*Supplied data*
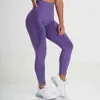 CHRLEISURE Bubble Butt Leggings Kadınlar Için Anti Selülit Ultra İnce Spor Egzin Egzersiz Spor Legging Yüksek Bel Pantolon Dropship 211203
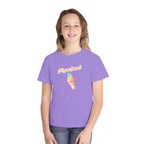 ¡Sí, por favor! Kids Rainbow Soft serve Ice Cream Graphic t-shirt Kids clothes La Vie Bien ¡Sí, por favor! Kids Rainbow Soft serve Ice Cream Graphic t-shirt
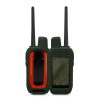 Kwmobile GPS калъф за Garmin Alpha 200, зелен, силикон, 59668.80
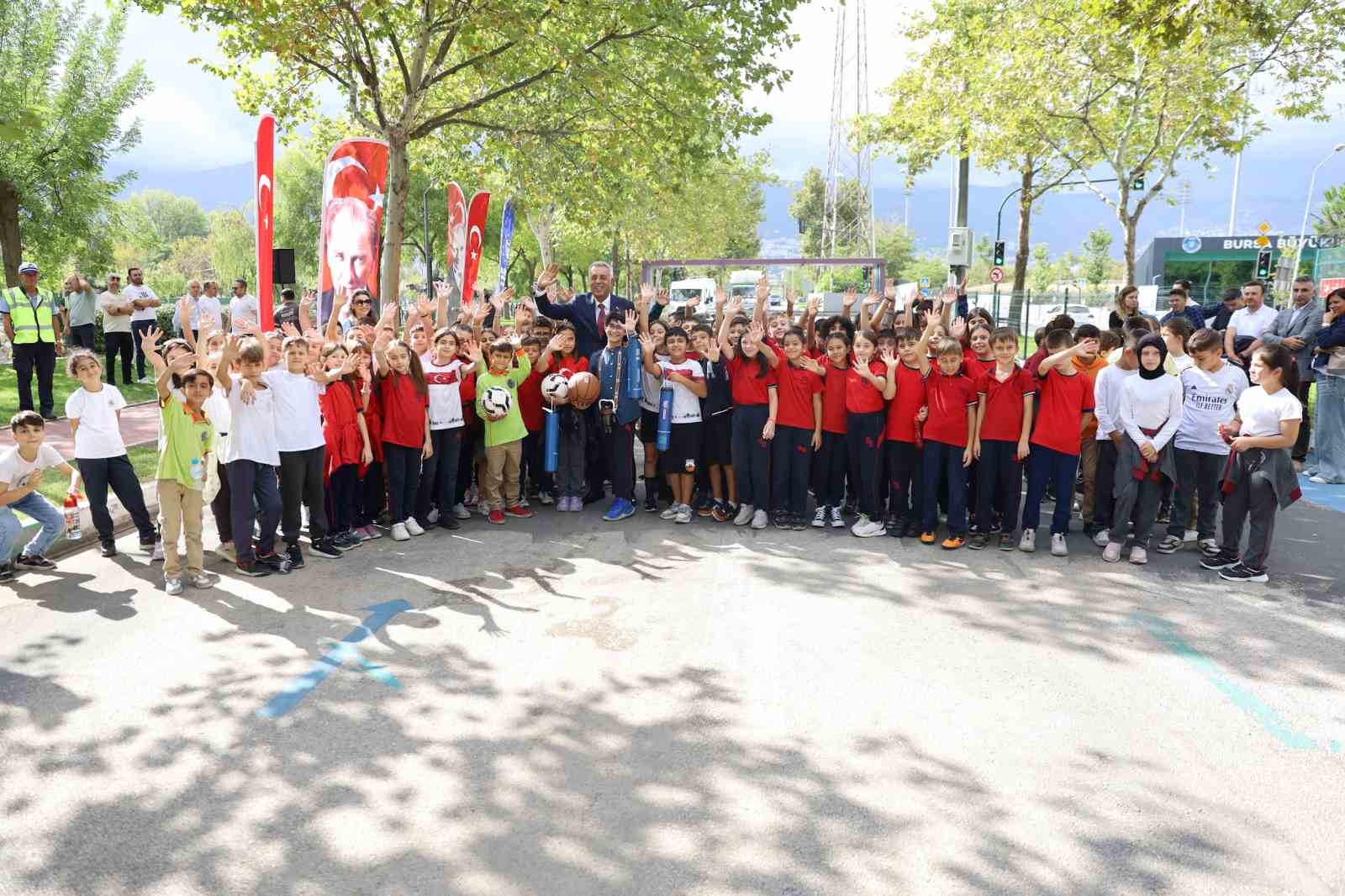Çocuklar, hem eğlendi hem öğrendi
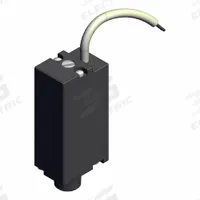 SMC Vacuum Switch: ZSM1, SPST-NO, -27 kPa Pressure - Max, R (PT) 1/8 (MPN ZSM1-121L). Key specifications — Manufacturer Part Number: ZSM1-121L; Brand: SMC; Features: Vacuum Switch, Diaphragm Style; Pressure Connection Type: R (PT) 1/8; Series: ZSM1.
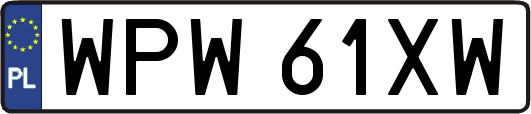 WPW61XW
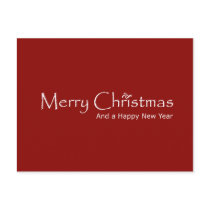 Merry Christmas. postcards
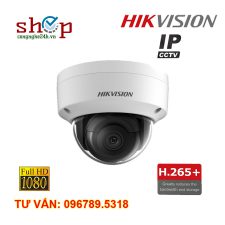 Camera IP Dome hồng ngoại 2.0 Megapixel HIKVISION DS-2CD2123G0-I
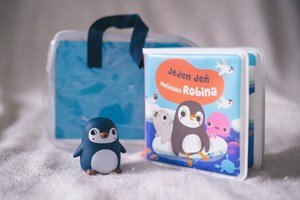 autora nemá: Jeden deň tučniaka Robina autora nemá: Jeden deň tučniaka Robina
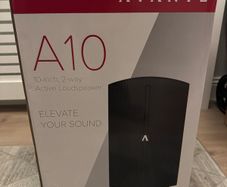 Avante A10 Achromic Series 10inch Active PA Speaker , 1000W, Great Condition with Box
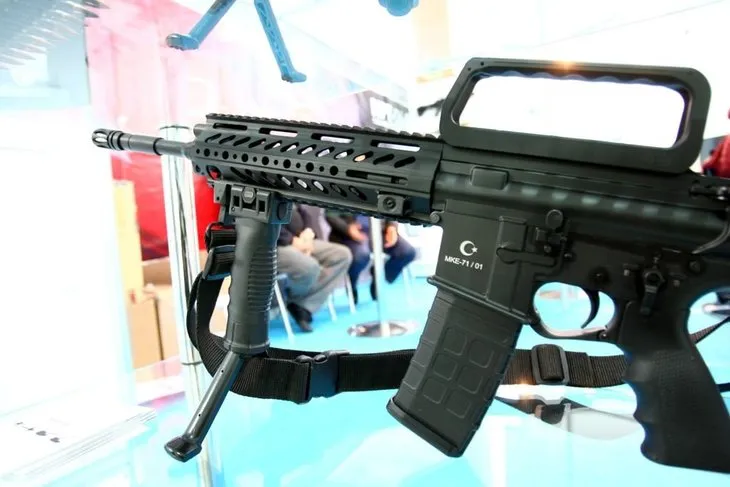 Milli tüfeğimiz MPT-76’yı ABD istiyor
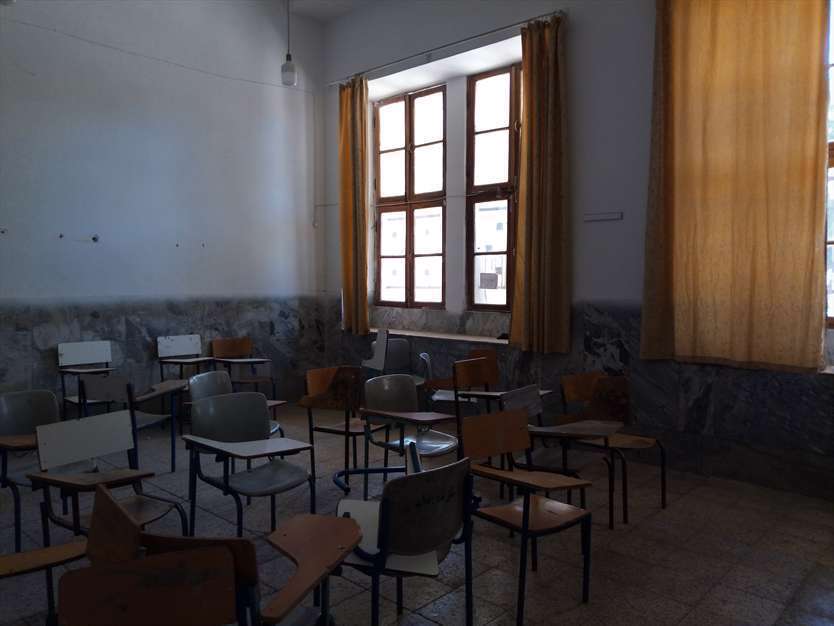 دبیرستانی از جنس میراث فرهنگی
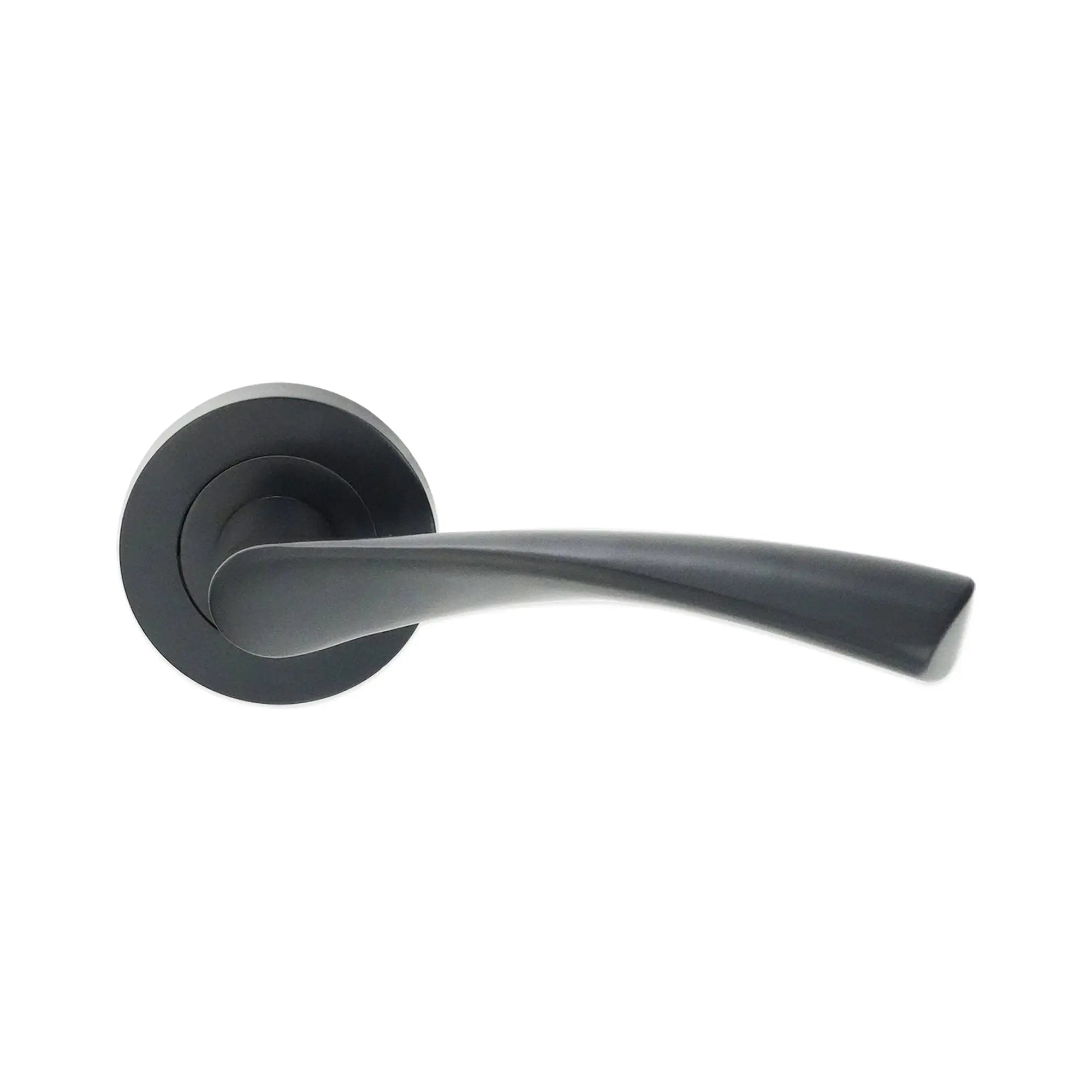 Mercury Lever Door Handle Gunmetal Grey Spira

*Task item*
Beginning with the line where "Camera IP Dome" appears, reproduce every remaining line of the listing above, the last one included, but none of the pictures.

*Answer to the exercise*
 Camera IP Dome hồng ngoại 2.0 Megapixel HIKVISION DS-2CD2123G0-I
 autora nemá: Jeden deň tučniaka Robina autora nemá: Jeden deň tučniaka Robina
 Avante A10 Achromic Series 10inch Active PA Speaker , 1000W, Great Condition with Box
 Milli tüfeğimiz MPT-76’yı ABD istiyor
 دبیرستانی از جنس میراث فرهنگی
 Mercury Lever Door Handle Gunmetal Grey Spira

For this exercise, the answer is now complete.